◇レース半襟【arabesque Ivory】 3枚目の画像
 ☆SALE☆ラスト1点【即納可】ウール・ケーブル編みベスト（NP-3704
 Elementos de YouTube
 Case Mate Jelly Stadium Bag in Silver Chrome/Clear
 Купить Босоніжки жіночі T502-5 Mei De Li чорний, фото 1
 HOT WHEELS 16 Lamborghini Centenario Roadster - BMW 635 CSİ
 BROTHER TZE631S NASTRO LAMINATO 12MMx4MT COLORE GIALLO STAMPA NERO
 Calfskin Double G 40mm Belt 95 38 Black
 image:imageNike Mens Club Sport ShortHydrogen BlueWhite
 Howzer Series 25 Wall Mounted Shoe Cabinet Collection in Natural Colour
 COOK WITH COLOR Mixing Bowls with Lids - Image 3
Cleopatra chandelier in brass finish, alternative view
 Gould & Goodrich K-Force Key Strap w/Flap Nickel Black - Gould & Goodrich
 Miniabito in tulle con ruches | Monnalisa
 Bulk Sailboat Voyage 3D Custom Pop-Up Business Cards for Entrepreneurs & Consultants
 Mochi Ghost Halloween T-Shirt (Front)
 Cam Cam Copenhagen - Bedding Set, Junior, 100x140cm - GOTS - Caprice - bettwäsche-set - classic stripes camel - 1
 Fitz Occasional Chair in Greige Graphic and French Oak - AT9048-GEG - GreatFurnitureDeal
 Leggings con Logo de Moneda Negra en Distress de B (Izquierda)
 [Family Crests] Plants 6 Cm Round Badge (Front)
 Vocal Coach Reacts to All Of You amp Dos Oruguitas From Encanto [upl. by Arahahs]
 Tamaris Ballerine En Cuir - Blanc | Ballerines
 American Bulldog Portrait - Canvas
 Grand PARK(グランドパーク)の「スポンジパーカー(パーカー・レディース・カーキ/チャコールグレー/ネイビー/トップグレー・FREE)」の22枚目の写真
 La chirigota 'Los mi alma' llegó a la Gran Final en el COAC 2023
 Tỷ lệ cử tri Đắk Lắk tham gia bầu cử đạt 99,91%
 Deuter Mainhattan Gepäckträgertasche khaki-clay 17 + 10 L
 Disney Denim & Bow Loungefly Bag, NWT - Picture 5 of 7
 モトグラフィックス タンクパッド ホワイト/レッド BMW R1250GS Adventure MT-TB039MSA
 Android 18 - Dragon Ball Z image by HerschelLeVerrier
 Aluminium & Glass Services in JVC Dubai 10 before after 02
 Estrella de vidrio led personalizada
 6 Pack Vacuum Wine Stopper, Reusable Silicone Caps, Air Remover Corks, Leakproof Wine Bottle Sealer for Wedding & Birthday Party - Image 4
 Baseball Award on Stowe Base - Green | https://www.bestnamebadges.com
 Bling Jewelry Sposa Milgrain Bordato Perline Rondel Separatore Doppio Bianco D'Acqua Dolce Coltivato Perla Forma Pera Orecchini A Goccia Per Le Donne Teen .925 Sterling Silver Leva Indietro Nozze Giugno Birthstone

+ + + + + + +

# Problem to work on
Every record, from the first to the last, should be transcribed exactly.

# Answer for this exercise
◇レース半襟【arabesque Ivory】 3枚目の画像
 ☆SALE☆ラスト1点【即納可】ウール・ケーブル編みベスト（NP-3704
 Elementos de YouTube
 Case Mate Jelly Stadium Bag in Silver Chrome/Clear
 Купить Босоніжки жіночі T502-5 Mei De Li чорний, фото 1
 HOT WHEELS 16 Lamborghini Centenario Roadster - BMW 635 CSİ
 BROTHER TZE631S NASTRO LAMINATO 12MMx4MT COLORE GIALLO STAMPA NERO
 Calfskin Double G 40mm Belt 95 38 Black
 image:imageNike Mens Club Sport ShortHydrogen BlueWhite
 Howzer Series 25 Wall Mounted Shoe Cabinet Collection in Natural Colour
 COOK WITH COLOR Mixing Bowls with Lids - Image 3
Cleopatra chandelier in brass finish, alternative view
 Gould & Goodrich K-Force Key Strap w/Flap Nickel Black - Gould & Goodrich
 Miniabito in tulle con ruches | Monnalisa
 Bulk Sailboat Voyage 3D Custom Pop-Up Business Cards for Entrepreneurs & Consultants
 Mochi Ghost Halloween T-Shirt (Front)
 Cam Cam Copenhagen - Bedding Set, Junior, 100x140cm - GOTS - Caprice - bettwäsche-set - classic stripes camel - 1
 Fitz Occasional Chair in Greige Graphic and French Oak - AT9048-GEG - GreatFurnitureDeal
 Leggings con Logo de Moneda Negra en Distress de B (Izquierda)
 [Family Crests] Plants 6 Cm Round Badge (Front)
 Vocal Coach Reacts to All Of You amp Dos Oruguitas From Encanto [upl. by Arahahs]
 Tamaris Ballerine En Cuir - Blanc | Ballerines
 American Bulldog Portrait - Canvas
 Grand PARK(グランドパーク)の「スポンジパーカー(パーカー・レディース・カーキ/チャコールグレー/ネイビー/トップグレー・FREE)」の22枚目の写真
 La chirigota 'Los mi alma' llegó a la Gran Final en el COAC 2023
 Tỷ lệ cử tri Đắk Lắk tham gia bầu cử đạt 99,91%
 Deuter Mainhattan Gepäckträgertasche khaki-clay 17 + 10 L
 Disney Denim & Bow Loungefly Bag, NWT - Picture 5 of 7
 モトグラフィックス タンクパッド ホワイト/レッド BMW R1250GS Adventure MT-TB039MSA
 Android 18 - Dragon Ball Z image by HerschelLeVerrier
 Aluminium & Glass Services in JVC Dubai 10 before after 02
 Estrella de vidrio led personalizada
 6 Pack Vacuum Wine Stopper, Reusable Silicone Caps, Air Remover Corks, Leakproof Wine Bottle Sealer for Wedding & Birthday Party - Image 4
 Baseball Award on Stowe Base - Green | https://www.bestnamebadges.com
 Bling Jewelry Sposa Milgrain Bordato Perline Rondel Separatore Doppio Bianco D'Acqua Dolce Coltivato Perla Forma Pera Orecchini A Goccia Per Le Donne Teen .925 Sterling Silver Leva Indietro Nozze Giugno Birthstone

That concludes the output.